Up to 115lbs 5x5 squats. Add 5 pounds 3x a week until I miss a rep. So far so good. Definitely know I will hit the wall soon.
Funny thing with SL 5x5 is you squat every workout. My legs I can already see definition coming in the quads. Squats are actually my favorite exercise but when it's 3x a week I want to kill myself.
5x5 is fine if you want to be a powerlifter, but I'd say it depends what your goal is. At our age, I'd suggest (just my thoughts) that your goal should be mobility, range of motion, preserving muscle mass, and aesthetics as we get older - not being a bag of bones.
Focusing on "strength" i.e. the numbers on your lifts is counter-productive IMO, because we are not furniture movers, it doesn't really matter what amount of weight you can move. Without steroids you're also not going to gain any significant amount of muscle after 40, so the goal shifts.

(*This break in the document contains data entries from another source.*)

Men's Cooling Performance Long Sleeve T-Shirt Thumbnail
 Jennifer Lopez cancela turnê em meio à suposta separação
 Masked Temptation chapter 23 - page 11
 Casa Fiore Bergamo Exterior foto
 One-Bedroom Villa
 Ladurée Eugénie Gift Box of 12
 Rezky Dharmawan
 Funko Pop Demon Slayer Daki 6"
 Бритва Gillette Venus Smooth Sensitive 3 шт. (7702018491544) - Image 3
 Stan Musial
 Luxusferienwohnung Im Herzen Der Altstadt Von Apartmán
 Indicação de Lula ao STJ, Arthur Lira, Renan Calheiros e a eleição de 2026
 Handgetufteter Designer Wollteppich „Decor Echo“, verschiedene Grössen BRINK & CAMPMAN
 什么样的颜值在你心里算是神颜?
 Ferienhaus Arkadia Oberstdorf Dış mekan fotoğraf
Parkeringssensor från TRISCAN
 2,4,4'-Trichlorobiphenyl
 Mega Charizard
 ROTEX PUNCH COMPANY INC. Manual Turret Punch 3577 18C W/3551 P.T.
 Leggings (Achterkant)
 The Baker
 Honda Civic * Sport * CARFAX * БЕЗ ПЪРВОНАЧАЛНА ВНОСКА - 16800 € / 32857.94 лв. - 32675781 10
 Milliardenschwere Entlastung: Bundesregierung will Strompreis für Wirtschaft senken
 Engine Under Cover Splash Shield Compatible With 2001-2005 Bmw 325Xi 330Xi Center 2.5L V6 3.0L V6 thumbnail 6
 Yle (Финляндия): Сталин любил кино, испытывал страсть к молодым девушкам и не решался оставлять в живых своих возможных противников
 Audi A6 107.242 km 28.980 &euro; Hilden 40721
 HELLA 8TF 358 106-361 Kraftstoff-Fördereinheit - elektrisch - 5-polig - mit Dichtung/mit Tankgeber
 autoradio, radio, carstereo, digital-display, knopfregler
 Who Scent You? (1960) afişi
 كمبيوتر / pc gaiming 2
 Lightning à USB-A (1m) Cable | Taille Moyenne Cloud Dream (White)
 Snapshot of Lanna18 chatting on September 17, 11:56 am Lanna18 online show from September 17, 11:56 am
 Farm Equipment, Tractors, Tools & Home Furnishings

I generally only squat 135lbs x10, but I do a lot of other things on leg/core day. Here's what I do:
Back Squat - Barbell - 3 sets of 10
Deadlift - barbell - 3 sets of 10
Bulgarian split squat - 3 sets of 10
Hip Thrusters - machine - 3 sets of 10
30" Box step ups with 45 pounds weight - 3 sets of 10
30" Box jumps with 25 pounds weight - 3 sets of 10
Leg Press - machine - 3 sets of 10
Calf raises - machine - 3 sets of 20
Good mornings with 45 pounds - machine - 3 sets of 10
Suspended leg raises - unweighted - 3 sets of 10
Leg extensions - Machine - 3 sets of 10
Hamstring curls - machine - 3 sets of 10
Standing core cable twist - pulleys - 3 sets of 10
Incline sit-ups with 25 pound weighted ball - 3 sets of 10
Mason twist with 5 pound ball - 1 set of 40
Oblique v-ups - 1 set of 25 each side
I don't rest between sets really, I just walk from one set to another. That entire routine takes me and the wife about 65-70 minutes. SL 5x5 is fine and a good program for building strength but honestly strength isn't that helpful, I've gotten WAY better results training for volume and ignoring the numbers on the lifts.